The two other risks associated with my short puts strategy are both emotional in nature. The first involves the emotional pain some people feel from missing out on upside. To use this trade as an example, let’s assume that MSC stock price climbs massively to, say, $100 per share between now and the third Friday of September. Obviously, my puts will expire worthless, which is a great outcome in some ways, and my small stock position will do well, but I won’t catch as much upside as those who only bought the stock. This is because short put returns are capped by the premium received. This is emotionally painful for some people more than others. You should try to work out whether you can handle this emotional risk, because I’ve seen some people absolutely “lose it” because they missed out on a price pop.

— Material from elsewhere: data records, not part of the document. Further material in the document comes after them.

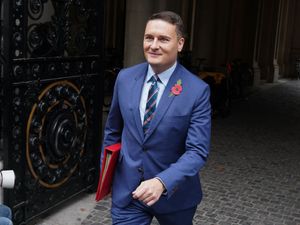 Supporting image for story: Streeting: Women treated like ‘alien species’ due to health inequalities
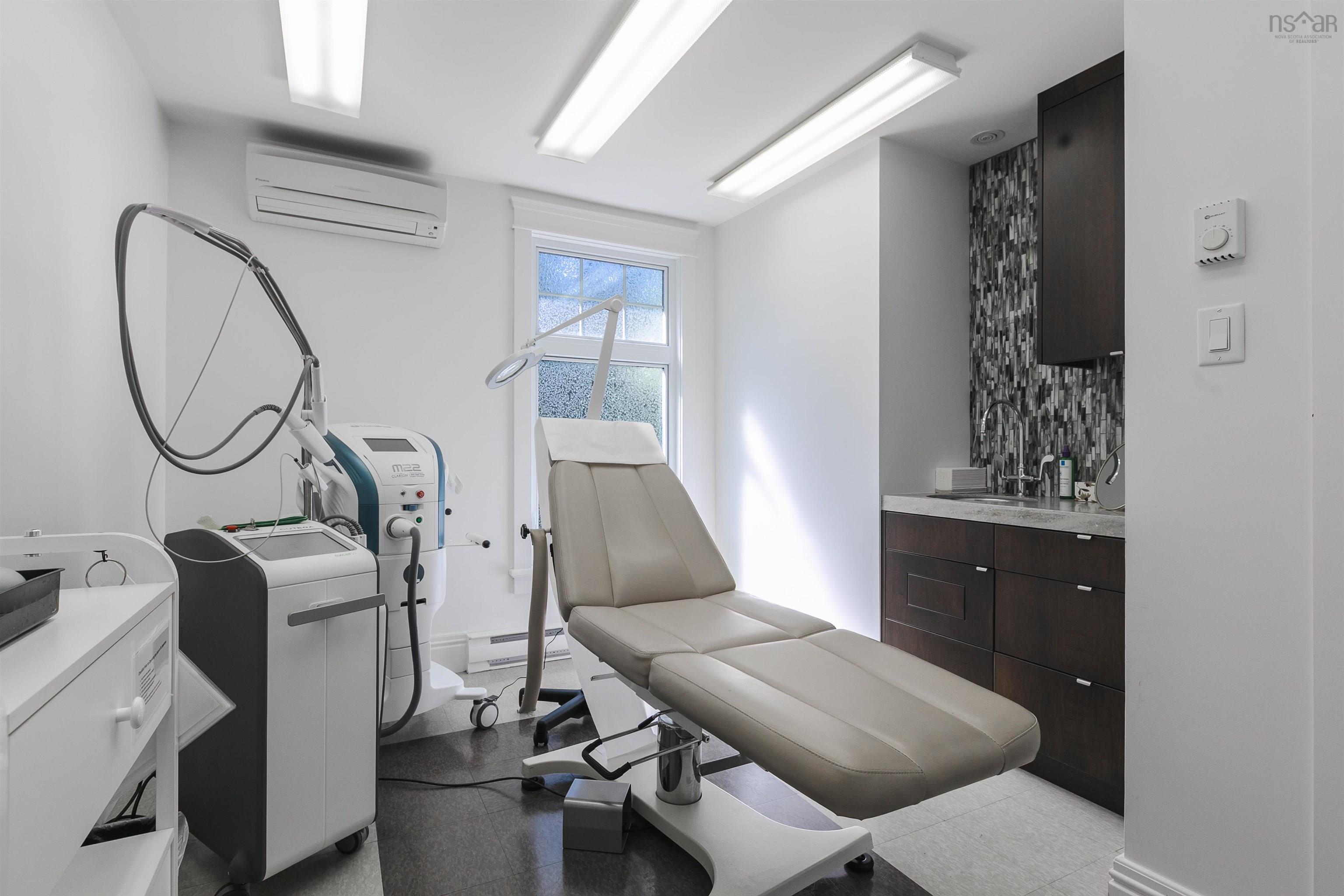 6088 Coburg Road, Halifax, NS (MLS 202600064)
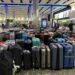 tipul-de-valiza-care-se-pierde-cel-mai-frecvent-in-aeroporturi,-desi-multe-persoane-le-folosesc:-nu-atrag-atentia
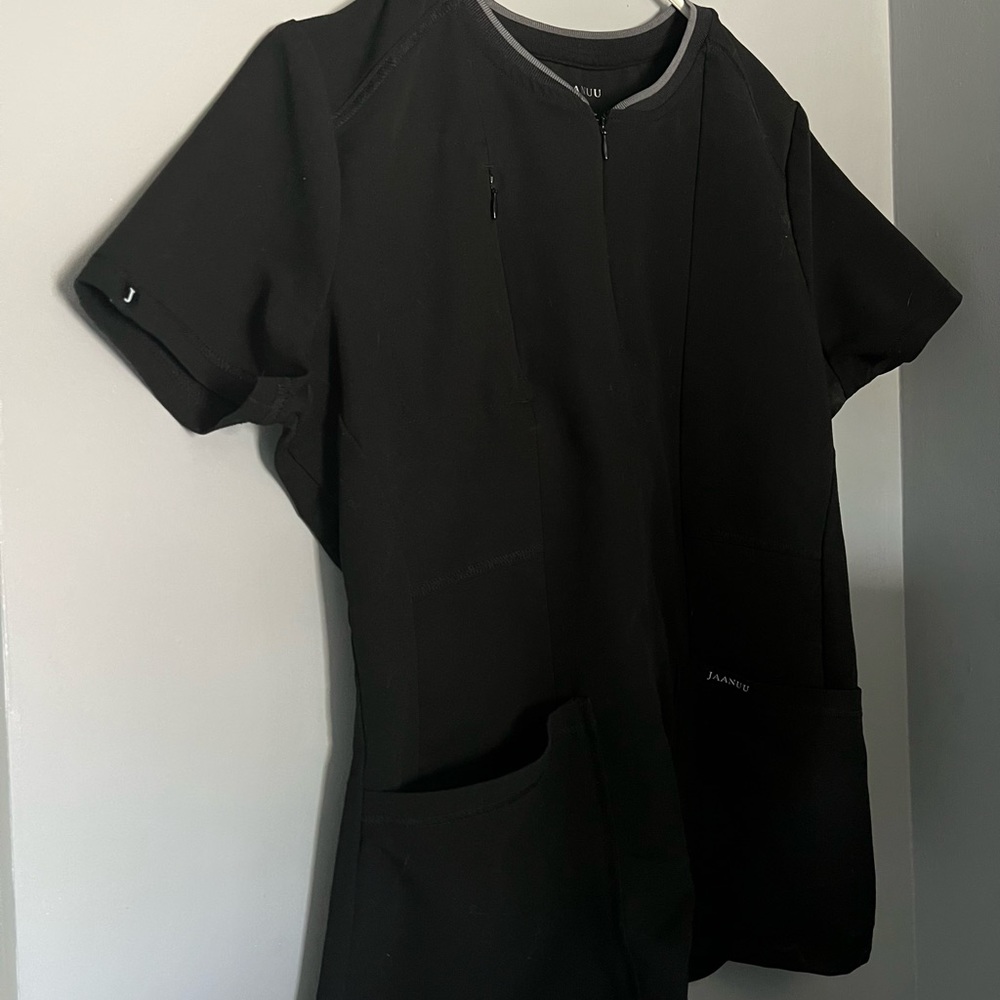 jaanuu scrubs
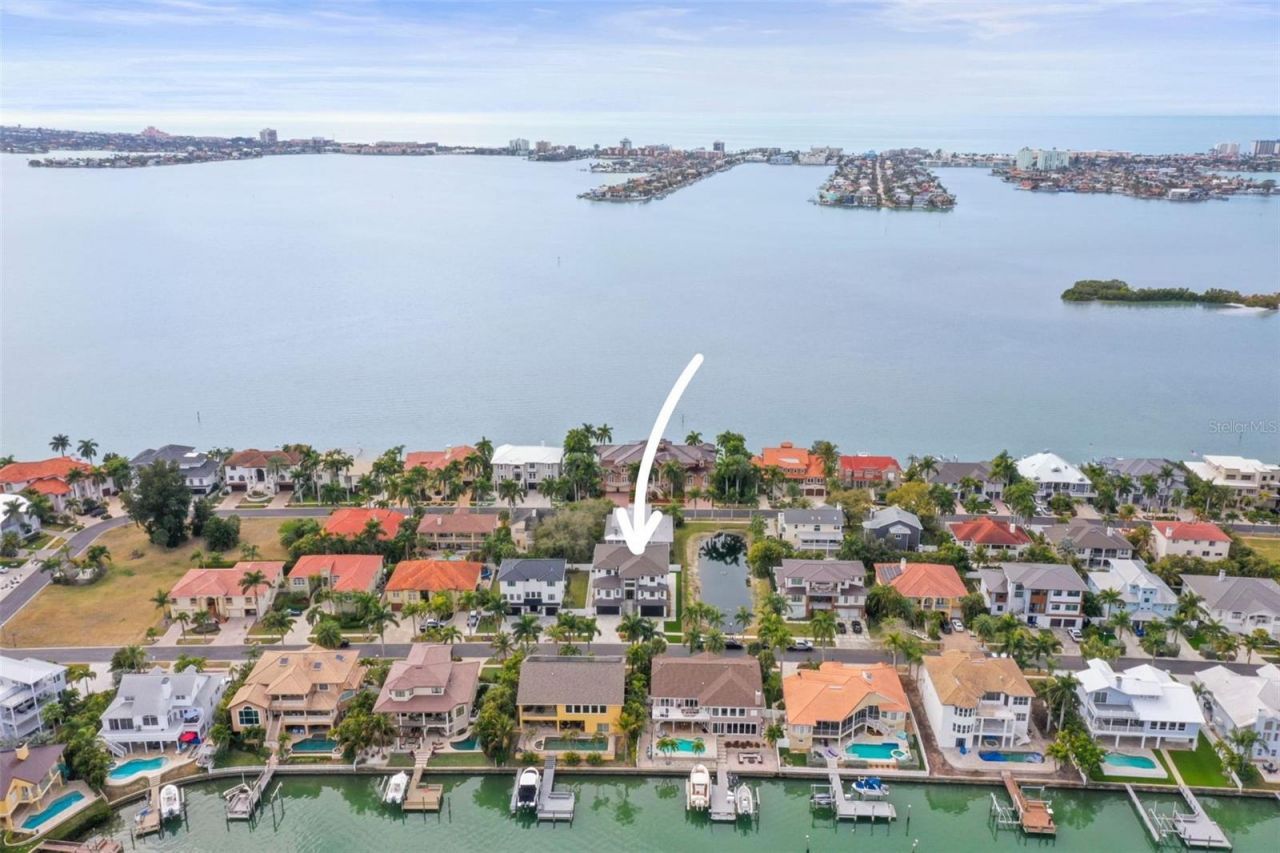 6012 Kipps Colony Drive E, Gulfport, FL 33707 Photo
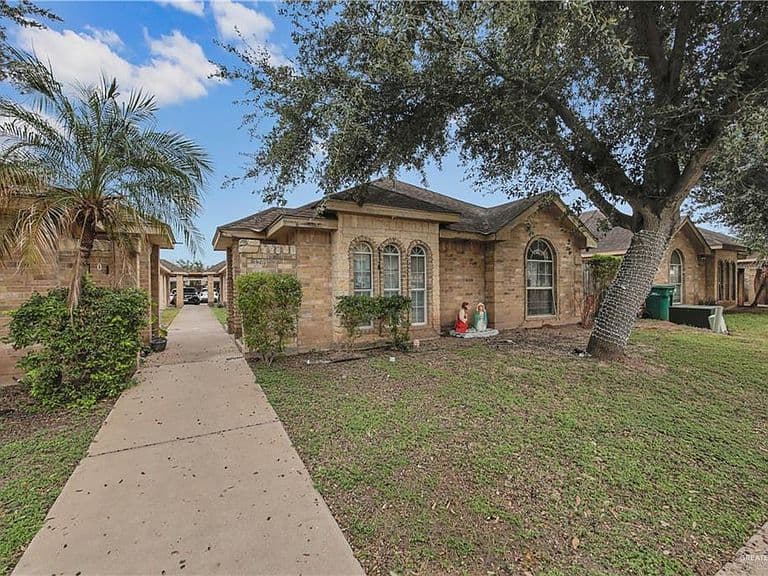 Listing photo 4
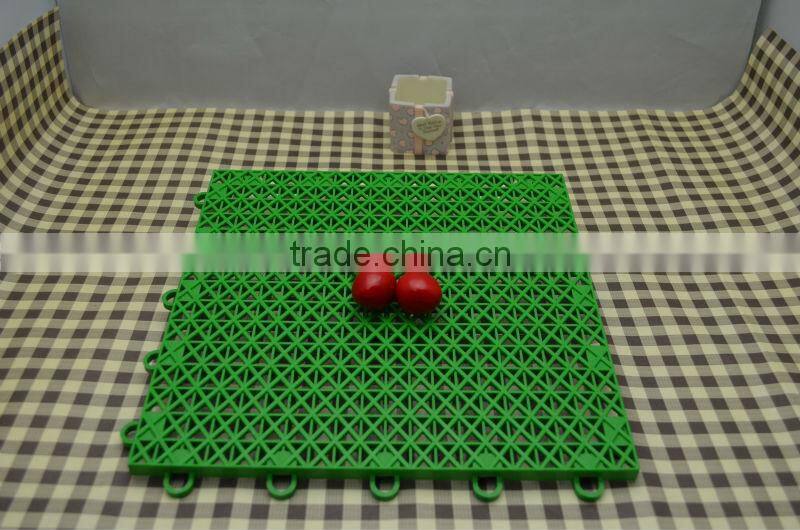 Full of childishness and playfulness kindergarten floor mats made of good quality of kindergarten floor materials.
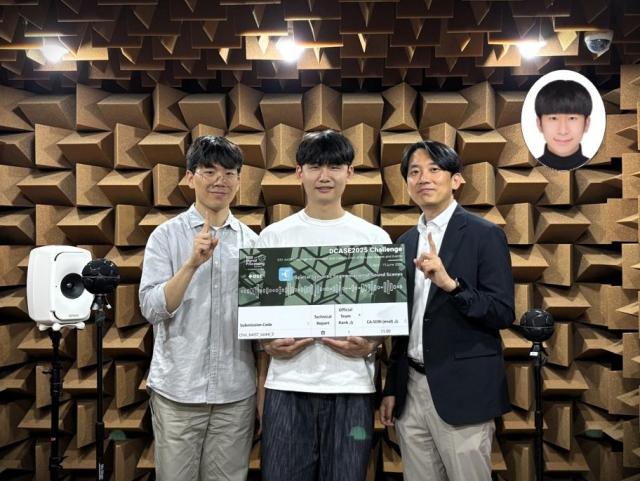 왼쪽부터 권영후 석박사통합과정 김도환 석사과정 최정우 교수 이동헌 박사사진KAIST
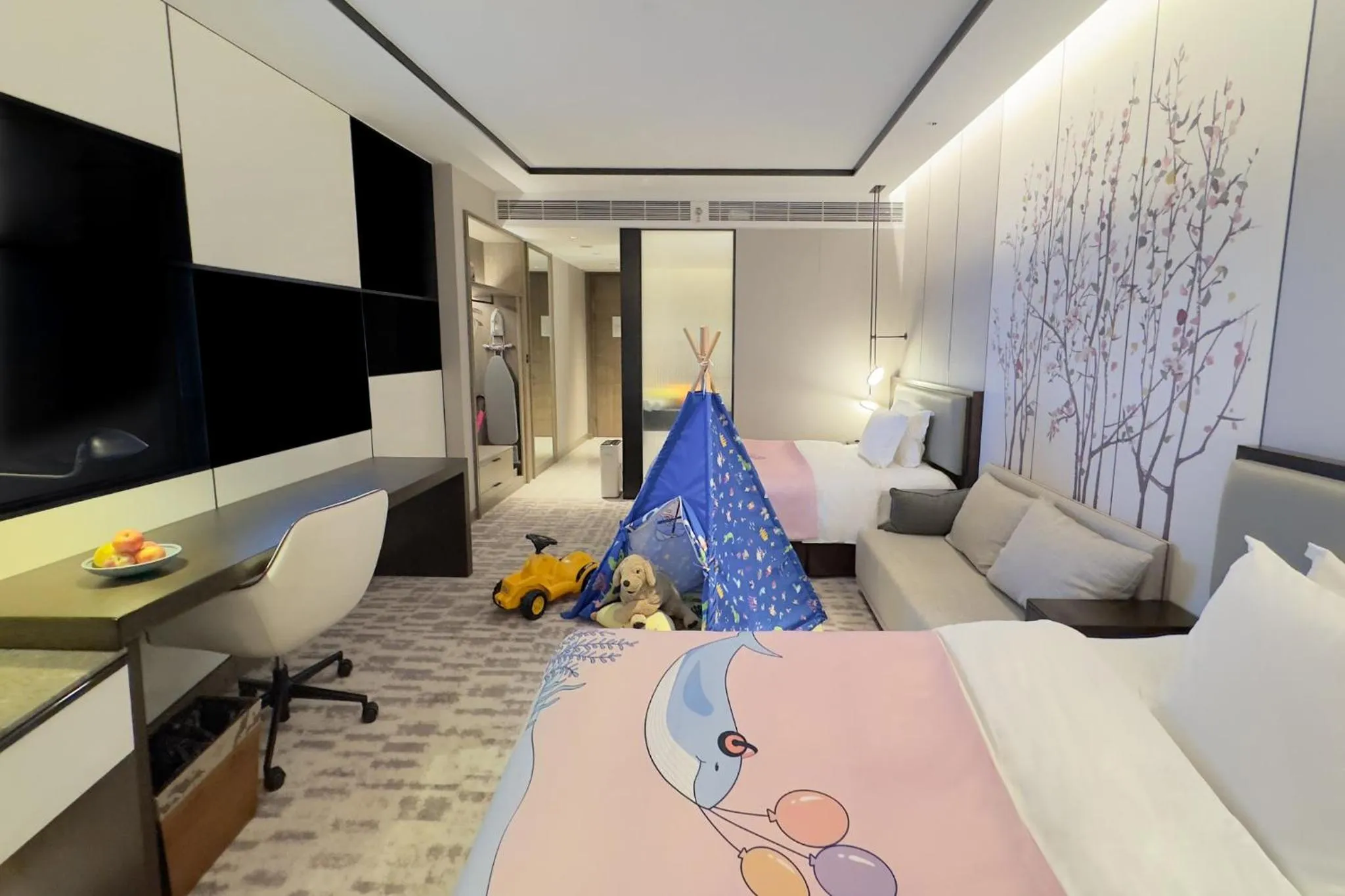 Photo of the whole room, Bed in Crowne Plaza Wuzhen by IHG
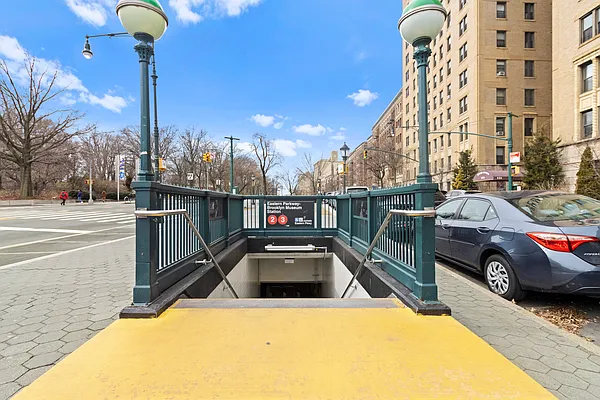 Sold by Mont Sky Real Estate | media 11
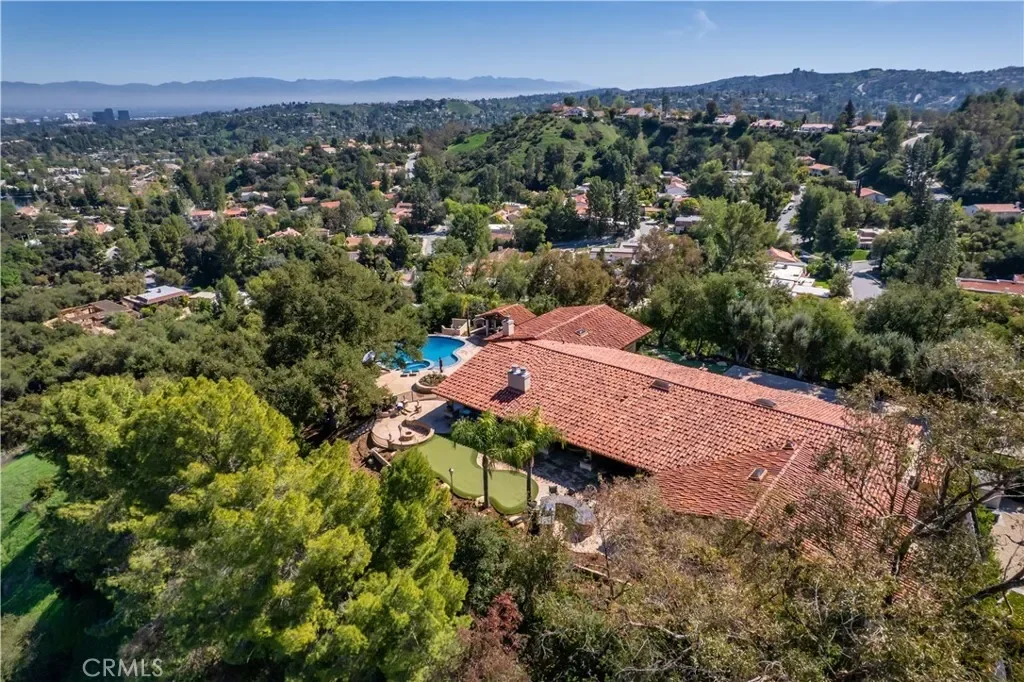 23815 Park Belmonte, Hidden Hills, California, United States. - Photo 9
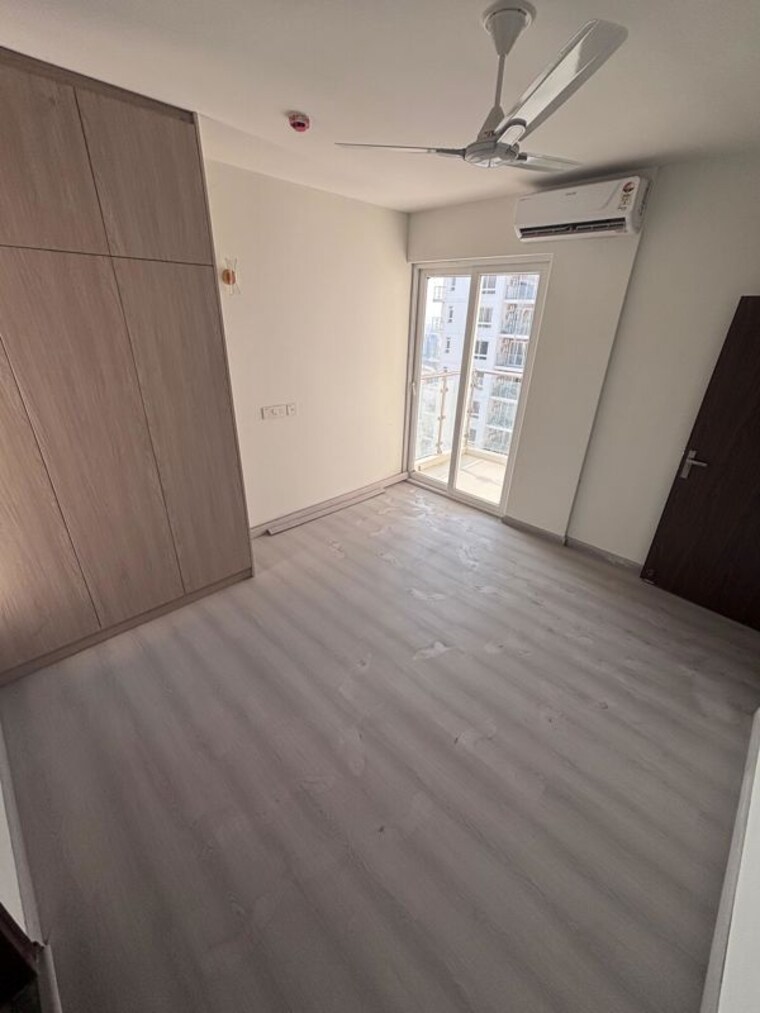 Room, hero-homes-gurgaon 3 Bedroom 1689 Sq.Ft. Apartment In Sector 104 Gurgaon 10770871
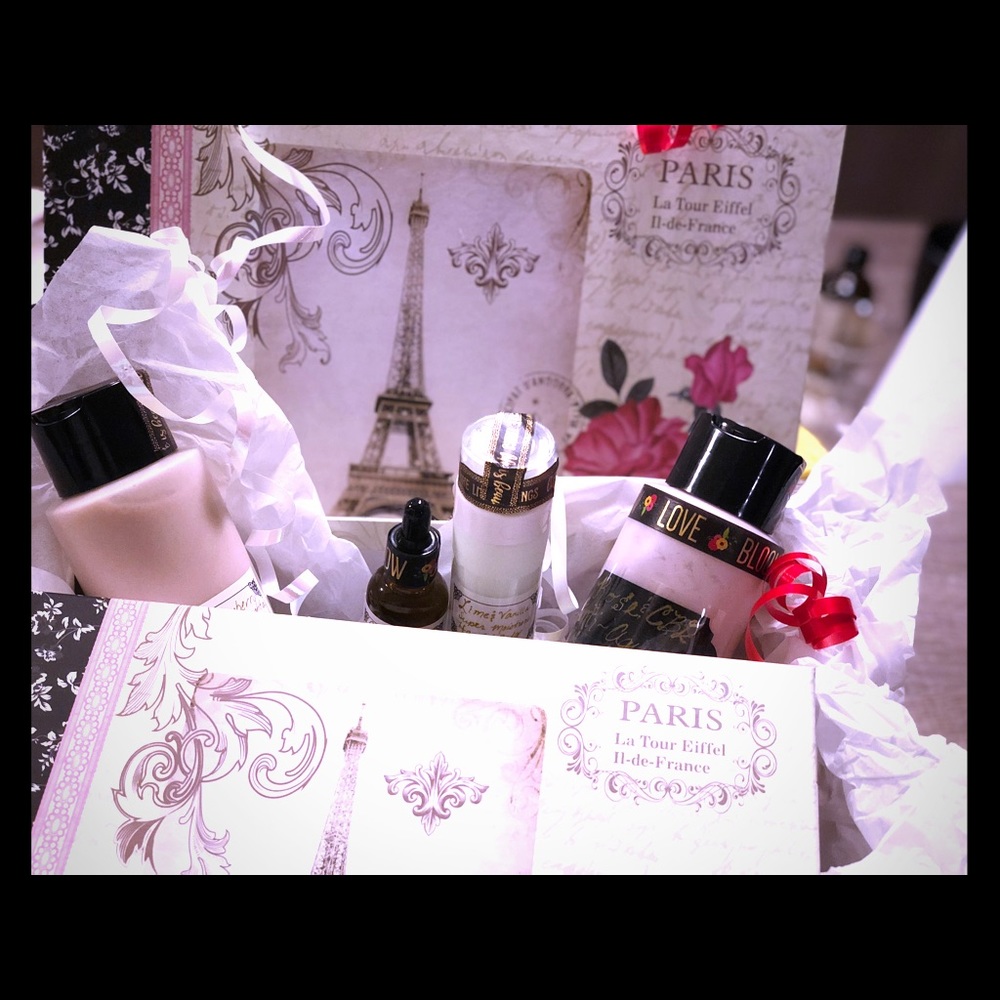 Mystery Box! Skin and Haircare Mystery Giftbox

Secondly, it can be emotionally painful when the shares crash below your strike price. Whenever this has happened to me, things have worked out well over the long term, because I insist on only ever writing puts at “screaming buy” strike prices. That said, it has been emotionally stressful in the short term on occasion. So, if you’re considering selling puts, think deeply on this question of how you’ll handle it if the shares fall in price below your strike.
If you understand these risks, and can tolerate them, I would recommend that you sell the MSC Industrial $70s. These offer either a 3.5% return over a few months or they allow you to buy this stock at a 7.5% discount to today’s already reasonable price. Reminding you of the “win-win” characteristics of these short puts might be a strange way to end a discussion of risk. If you’re only discovering now that I can be strange, you haven’t been paying attention.
Conclusion
I like the relationship between historically low valuation and the growing business, and for that reason I’ll be adding to my position. If I hadn’t yet sold puts on this name, I would be doing so this week. So, if you’re just joining us, and are comfortable selling puts, I would recommend selling those at the moment. I consider these to be “win-win” trades. The shares may drop in price from here, but buying at $70 represents good value in my estimation. I think an underlying assumption of this whole Seeking Alpha enterprise is the idea that “price” and “value” can be quite different. In my view, the price is below value here, and so I recommend either picking up some shares and/or selling the puts described here before “price” rises to match “value.”